I am trying to wrap my head around the tensorization function in order to integrate a custom accelerator, but I am running into a lot of problems and hope that someone can provide some clarity on what is going on under the hood.
I am starting out with a simple matmul:
I = 32
K = 128
J = 64
factor = 16
a_shape = (I, K)
b_shape = (K, J)
c_shape = (I, J)
# calculate A @ B + D = C
a = te.placeholder(a_shape, dtype="int8", name="a_in")
b = te.placeholder(b_shape, dtype="int8", name="b_in")
c = te.placeholder(c_shape, dtype="int32", name="c_out")
k_o = te.reduce_axis((0, K), name="k_o")
res = te.compute(
c_shape,
lambda r_o, c_o: te.sum(
a[r_o, k_o].astype(ENV.inp_dtype)
* b[k_o, c_o].astype(ENV.inp_dtype),
axis=[k_o],
),
name="res",
tag="dense",
)
That is then split into multiple levels:
sch = te.create_schedule(res.op)
outer_i, inner_i = sch[res].split(res.op.axis[0], factor=factor)

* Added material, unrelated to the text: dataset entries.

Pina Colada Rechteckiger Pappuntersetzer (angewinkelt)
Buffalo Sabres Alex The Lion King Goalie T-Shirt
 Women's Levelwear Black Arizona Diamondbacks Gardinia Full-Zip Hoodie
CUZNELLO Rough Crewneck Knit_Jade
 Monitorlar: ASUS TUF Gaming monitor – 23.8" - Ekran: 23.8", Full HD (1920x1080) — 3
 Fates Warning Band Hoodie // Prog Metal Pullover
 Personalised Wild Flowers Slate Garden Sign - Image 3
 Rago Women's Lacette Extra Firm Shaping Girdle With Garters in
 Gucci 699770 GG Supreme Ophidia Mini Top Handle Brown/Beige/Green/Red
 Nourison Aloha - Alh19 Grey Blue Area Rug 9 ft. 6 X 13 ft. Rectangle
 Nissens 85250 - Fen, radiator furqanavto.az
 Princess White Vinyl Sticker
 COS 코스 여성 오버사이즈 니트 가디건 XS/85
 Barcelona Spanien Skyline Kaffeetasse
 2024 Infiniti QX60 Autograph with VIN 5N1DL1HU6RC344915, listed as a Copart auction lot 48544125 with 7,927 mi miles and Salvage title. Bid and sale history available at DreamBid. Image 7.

outer_j, inner_j = sch[res].split(res.op.axis[1], factor=factor)
outer_k, inner_k = sch[res].split(res.op.reduce_axis[0], factor=factor)
In the end, I want to use tensorize to map the three innermost loops onto hardware. My initial understanding was that tensorize
just tries to map a general “three nested loops with upper bound equals 16” structure. But that turned out to not be the case. If we define the computation and reorder the loops like this
sch[res].reorder(outer_i, outer_j, outer_k,
inner_k, inner_j, inner_i)
And use this intrinsic:
def intrin_gemm(
n: int,
c: int,
m: int,
):
""" GEMM of NxC and CxM matrices"""
a_shape = (n, c)
b_shape = (c, m)
d_shape= (n, m)
rc = te.reduce_axis((0, c), name="ric")
a = te.placeholder(a_shape, dtype=ENV.inp_dtype, name="ifmap_tile")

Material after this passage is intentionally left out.